On page 7-5, Bean added that they never saw the object again on any other orbit. Lousma noted that it "never resolved into a shape but was always brighter than any star or planet in the sky — much brighter." Bean added: "We tried scopes and everything but we couldn't make it into anything other than a bright light."
In Section 20.0 (p. 20-1), Garriott returned to the event with additional detail:
"Jack [Lousma] first noticed this rather large red star out the wardroom window. Upon close examination, it was much brighter than Jupiter or any of the other planets. It had a reddish hue to it, even though it was well above the horizon."
On page 20-2, Garriott added a critical piece of astronomical reasoning: "The sunlight was not passing near the limb of the globe at that time." In other words, the reddish color could not be attributed to atmospheric refraction — the same effect that makes the Sun or Moon appear orange at the horizon. From the five-to-ten-second lag before the object entered the station's orbital darkness, Garriott estimated it was "no more than 30 to 50 nautical miles" from the station. He stated explicitly: "Its orbit was very close to ours. We never saw it on earlier or later orbits, and we'd very much like its identification determined. Everything is documented in time on channel A, so the exact timing and position can be retrieved from there."
This is an unambiguous observation of an unidentified object in close proximity to a crewed space station — documented by three professional astronauts, recorded on channel A audio, accompanied by an official request for clarification that was never publicly answered.
Skylab 4 Crew: Carr's Lights
The third and final mission (Skylab 4) launched on November 16, 1973, and returned on February 8, 1974. The crew included Gerald P. Carr as Commander, William Pogue as Pilot, and Dr.

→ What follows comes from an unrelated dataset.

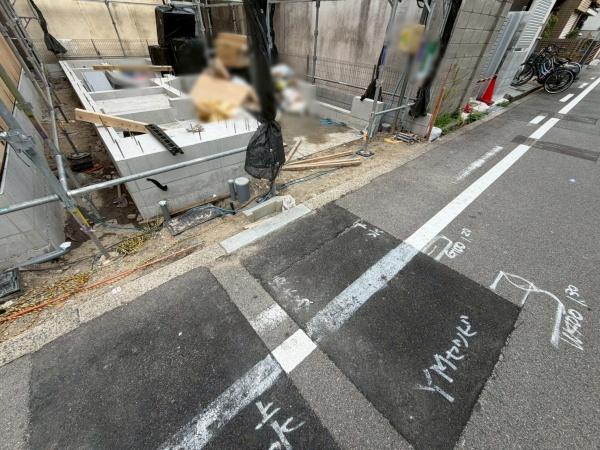 大阪市住之江区西住之江3丁目　B号地　新築戸建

Edward Gibson as Science Pilot. Their technical debriefing was conducted on February 22, 1974 — less than two weeks after landing.
On page 7-8, Carr reported an additional category of events:
"One other area of unusual events that we reported on the dump tapes was that on occasion we saw some lights flashing outside with very a definite motion relative to ours. We presumed that they were other pieces of Skylab, or possibly other satellites."

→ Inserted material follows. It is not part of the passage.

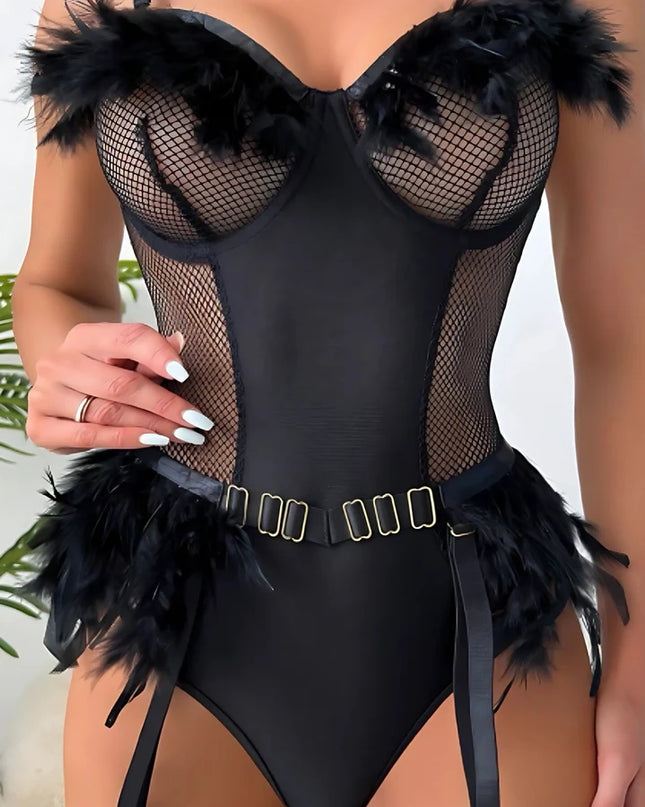 Honeymoon 3 Piece Lingerie Set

Carr added that "we reported two or three sightings of this type as they occurred. We have no special remarks about them, but we found it very interesting that we were able to see other objects out there with us. The fact that one or two of them seemed to be tumbling was probably due to variations in the light flashes we received from them."
Carr's report identifies four notable characteristics: (1) the lights were observed externally, through the station's windows; (2) they displayed "very definite relative motion" — meaning they were not traveling in synchronized lock-step but at a different heading or speed; (3) the crew assumed they were Skylab debris or other satellites, but this was a working assumption rather than a confirmed identification; and (4) some appeared to be tumbling, inferred from the rhythmic variation in their brightness.
Given the severe mechanical failures Skylab sustained at launch — loss of the meteoroid shield and one solar panel — the explanation of "other Skylab pieces" is plausible to a degree. However, "very definite relative motion" is inconsistent with debris that should have remained in a nearly identical orbit to the station. The characteristic of close orbital matching is far more consistent with the Skylab 3 "reddish satellite" than with Carr's lights, which displayed pronounced relative motion.
Analysis: What Was the Red Satellite?
Among the three categories of observations in this document, the Skylab 3 "reddish satellite" is the most analytically significant. It was observed approximately one week before splashdown — placing it in late September 1973. The object appeared reddish and brighter than Jupiter, was in a very similar orbit to Skylab itself, rotated on its axis with a ~10-second period, was estimated at 30 to 50 nautical miles (roughly 55–92 km) from the station, and was never seen on any other orbit.
Its brightness — brighter than Jupiter — indicates either a large object or one with a very high reflectivity. Its 10-second rotation period, typical of slowly tumbling space debris, suggests a solid mass. The persistent red color, which Garriott specifically ruled out as being caused by atmospheric refraction (since the object was high above the horizon and the sunlight was not grazing the Earth's limb), is the most anomalous feature. A stable red color could suggest anodized aluminum, aerodynamic heating (irrelevant in vacuum), or an internal light source.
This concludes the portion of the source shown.